Miners for their work collect Bitcoins commission, which is variable depending on the number of transactions in the network, however, this fee is not dependent on the amount we send. So the cost of sending a $ 1 BTC can be comparable to the cost of sending a few hundred BTC worth millions of dollars.

Miners also receive new coins that are created with each block. Currently, the difficulty of mining is so large that the miners combine their power in the mines (mining pool) and potential rewards share in proportion to the contribution of computing power in the mine.

The Bitcoin supply is strictly limited.
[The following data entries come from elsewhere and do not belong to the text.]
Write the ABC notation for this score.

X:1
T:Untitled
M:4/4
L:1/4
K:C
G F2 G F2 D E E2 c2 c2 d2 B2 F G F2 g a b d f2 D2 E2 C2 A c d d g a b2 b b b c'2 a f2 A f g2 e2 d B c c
At the beginning, for each newly discovered block, the reward was 50 BTC and, ultimately, every four years it is to drop by 50%. In the graph at the bottom of the page, we can see that more than 17 million Bitcoins have been mined already and the reward for the block is 12.5 BTC. By the end of 2020, 87.5% of all coins will be mined and the target value of 21 million will be reached in 2140. With the decrease of rewards, miners will keep their commissions on transactions. Although the amount of Bitcoins in circulation is limited, it will not be a billing issue, because one Bitcoin can be divided into 8 decimal places. The smallest value (0.00000001 BTC) is often called 1 satoshi.

Assuming that the value of Bitcoin will grow over time due to the declining supply, it can be considered a deflation currency – each lost wallet causes a reduction in the number of coins in circulation, and with the passage of years the market will not be flooded with new coins.